Goodyear’s New Wingfoot One Flies Home

Wingfoot One (Photo by Bill Doster) Bill Doster Photography LLC

Goodyear's newest airship, Wingfoot One, made its first trip home to its renovated hangar in Pompano Beach, Florida, on Monday. Featuring an innovative design, Garmin G500 glass flight displays and VTOL capabilities, the new ship is a step forward from Goodyear's other blimps, which featured long-outdated 1920s technology.

From the outside, the Wingfoot One is visibly different from its predecessors. About the length of a football field, the new ship is 54 feet longer than the Spirit of America blimp.

Unique to Wingfoot One is a tail engine and tail rotor, as well as full-vector engines — a huge step up according to chief pilot Michael Dougherty. The new ship also has engines mounted on the envelope (the balloon-like part of the craft), thanks to its semi-rigid internal structure that sets it apart from past incarnations (and technically disqualifies it from being a real blimp).

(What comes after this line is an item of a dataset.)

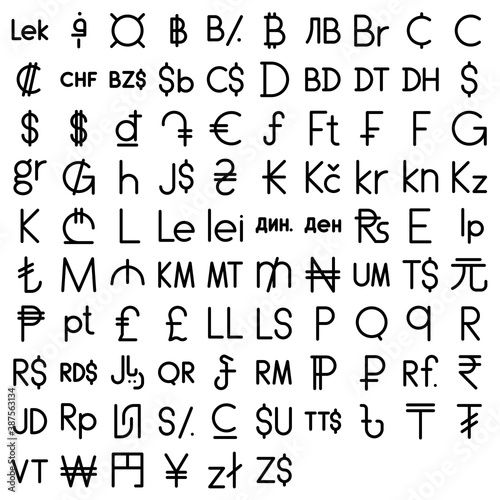 Currency symbol or Currency sign icon set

Looks aside, the new flight controls are one of the greatest improvements, says Dougherty. Wingfoot One has fly-by-wire, side-stick controls on both sides of the cockpit, allowing full controllability, easy transition between pilots and a safe way to train the airship pilots who are learning to fly the new model. Previously, the ships were a lot harder to fly, Dougherty says. "We had a wheel next to the pilot in the left seat. It was for elevator control. And then we had rudder pedals that steered the ship left and right, just like the rudder on a boat. We also had the same controls we have now, but they were just toggles on cables, rather than levers."

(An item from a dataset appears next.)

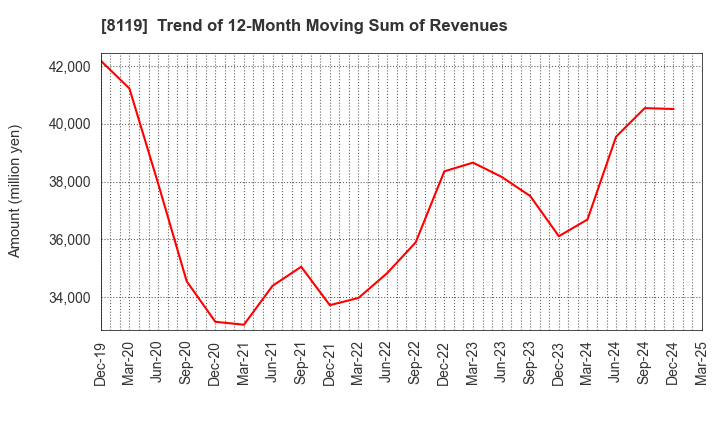 8119 SANYEI CORPORATION: Trend of 12-Month Moving Sum of Revenues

Garmin's G500 glass flight displays also have everything Dougherty's team wanted, including ADS-B, GPS and flight, weather and terrain information. With its intricate inner workings, updated cockpit and expanded capabilities, Wingfoot One marks a new era for Goodyear's airship operations.

"A lot of people see the blimp and they think it's a hot air balloon with engines, and it's really not," Dougherty said.